Timothy Donnelly

Last week, Columbia associate professor Timothy Donnelly won the Kingsley Tufts Poetry Award, one of the most prestigious prizes awarded to contemporary poets. Not only does the award identify Donnelly as a rising star in the world of contemporary poetry, but also bestows him with $100,000, an enormous sum for a mid-career poet in today’s market. Donnelly comments,”this prize will give my family and me a measure of financial stability that would otherwise have taken a decade or more to achieve.” The award recognizes his most recent work, The Cloud Corporation, for which The New Yorker somewhat obliquely called Donnelly “an acrobatic formalist, albeit one on fast-forward.” This semester, Donnelly teaches a senior poetry workshop for undergraduates and a poetry thesis workshop School of the Arts.

Full press release after the jump…

Columbia University School of the Arts

Writing Faculty Timothy Donnelly

Receives Kingsley Tufts Poetry Award

 
New York, February 2, 2012—Columbia University School of the Arts is pleased to announce that Timothy Donnelly, Associate Professor of Writing, has won the $100,000 Kingsley Tufts Poetry Award for his book The Cloud Corporation (Wave, Picador). The annual award, offered through the Claremont Graduate University, is one of the most prestigious prizes a contemporary poet can receive.

“I am thrilled that Timothy Donnelly has won the Kingsley Tufts Award,” said Carol Becker, Dean of School of the Arts. “Not only is Timothy a beloved professor, who has made monumental contributions to our Writing Program, but, as many have expressed, he is one of the great poets of his generation.”

For 20 years now, the Kingsley Tufts Award has supported and honored mid-career poets, including previous recipients D.A. Powell, Henri Cole, Matthea Harvey and Yusef Komunyakaa.

“I’m among the many people in this country who have had to go into significant debt just to get by,” Donnelly said of the seven difficult and sleep-deprived years he spent writing The Cloud Corporation. All the anxiety in the book about the economy and the struggle to make ends meet isn’t just for effect—it’s all very personal. This prize will give my family and me a measure of financial stability that would otherwise have taken a decade or more to achieve. But as true as all that is, it’s the honor of having had The Cloud Corporation chosen for this distinction that I really can’t wrap my head around.”

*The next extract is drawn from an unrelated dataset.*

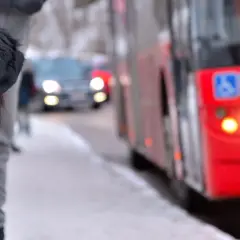 Ein Berner Sennenhund wartet geduldig am Straßenrand, während ein roter Bus vorbeifährt. Vielleicht sind diese Hunde im Bus unterwegs zu einem Abenteuer.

The Cloud Corporation is Timothy Donnelly’s second book. His first, Twenty-seven Props for a Production of Eine Lebenszeit, was published by Grove Press in 2003. His poems have been widely anthologized and translated, appearing in such periodicals as A Public Space, Fence, Harper’s, The Iowa Review, jubilat, Lana Turner, The Nation, The New Republic and The Paris Review.

This spring he is the Theodore H. Holmes ’51 and Bernice Holmes Visiting Associate Professor at Princeton University’s Program in Creative Writing and Lewis Center for the Arts. He has been poetry editor of Boston Review since 1996. He lives in Brooklyn with his wife and two daughters.

The Kingsley Tufts Award was established by Kate Tufts to honor the memory of her husband, who worked as an executive and wrote poetry as his avocation. Kate and Kingsley Tufts were lifelong poetry lovers and often spoke of creating such a prize. The award is presented for work by a poet who is past the very beginning but has not yet reached the pinnacle of his or her career.

“We hope these awards will give a crucial injection of encouragement to the poets of America,” said Linda Gregerson, chair of the judging panel. “We expect of these poets thrilling work in the years to come.”